Self-energy of $\rho$

"NowIGetToLearnWhatAHeadIs" answered this in a related question, but there are two arguments you can give. The first was one which he provided in a comment, namely that $$E=\int dE = \int \langle V, d \rho \rangle = \int \langle \nabla^{-2} \rho, d \rho \rangle = \int_0^1 \langle \nabla^{-2} \alpha \rho_0, d \alpha \rho_0 \rangle \\= \langle \nabla^{-2} \rho_0 , \rho_0 \rangle \int_0^1 \alpha d \alpha = \frac{1}{2} \langle V , \rho_0 \rangle.$$ It's a clever argument, and somewhat subtle; the idea is to gradually "materialize" the charge distribution $\rho$ bit by bit, sort of like a ghost which slowly gains solid form.
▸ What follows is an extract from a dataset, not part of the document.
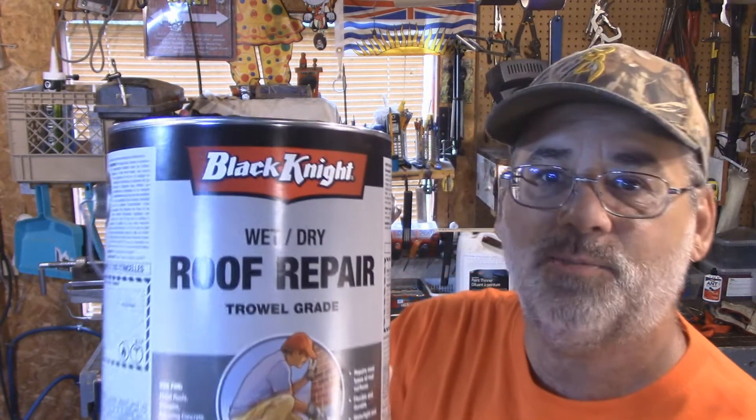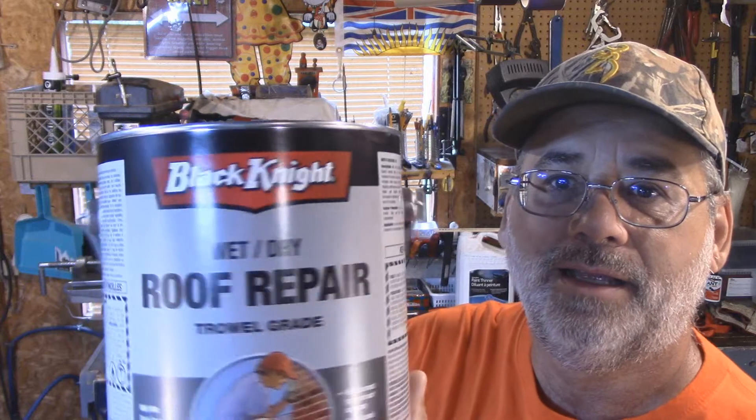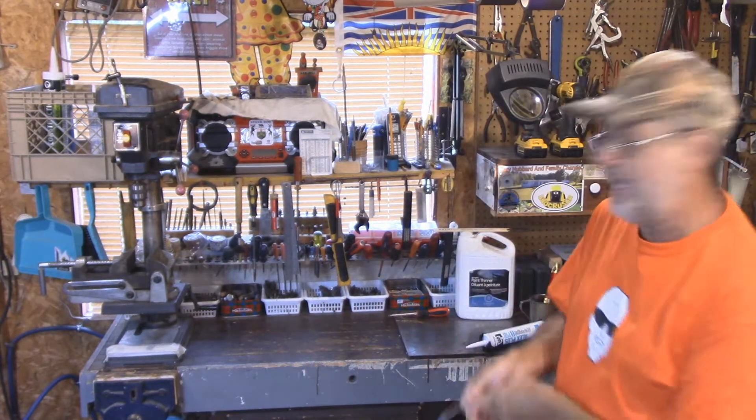Welcome back to Steve Robb Reviews. Today is going to be all about this product right here. How many of you have cracks in your driveway that you want to seal and you're thinking to yourself, what do I got to get? Well, I bet the last thing most people actually think about getting is a can of roof repair.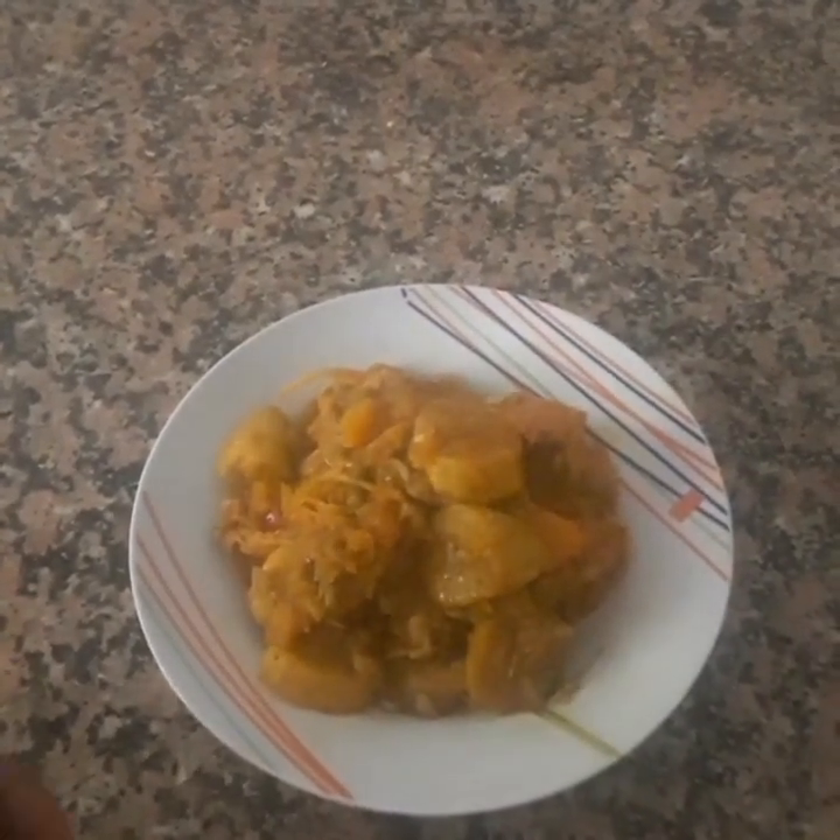Finally, here is the food looking so, so delicious. Thank you.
A second, more direct way is to imagine discretizing space into lots of little cubes. The total energy then becomes the sum of the pairwise contributions, $$E=\sum_{i=1}^N\sum_{j=1}^{i-1}\frac{m_im_j}{4\pi\epsilon_0| \mathbf{r}_i-\mathbf{r}_j|}=\frac{1}{2}\sum_{i=1}^N\sum_{j=1,j\neq i}^{N}\frac{m_im_j}{4\pi\epsilon_0|\mathbf{r}_i-\mathbf{r}_j|}$$ which in the limit of infinitely small cubes becomes $$E=\frac{1}{2}\int_V\int_V\frac{1}{4\pi\epsilon_0}\frac{\rho(\mathbf{r}_1)\rho( \mathbf{r}_2 )}{|\mathbf{r}_1-\mathbf{r}_2|}\,d\mathbf{r}_1d\mathbf{r}_2=\frac{1}{2} \int_V \rho(\mathbf{r})\phi(\mathbf{r})\,d\mathbf{r}=\frac{1}{2}\langle\rho,\phi\rangle.$$

So the factor of $\frac{1}{2}$ comes about because you need to avoid double-counting when you do a sum over pairs of charges.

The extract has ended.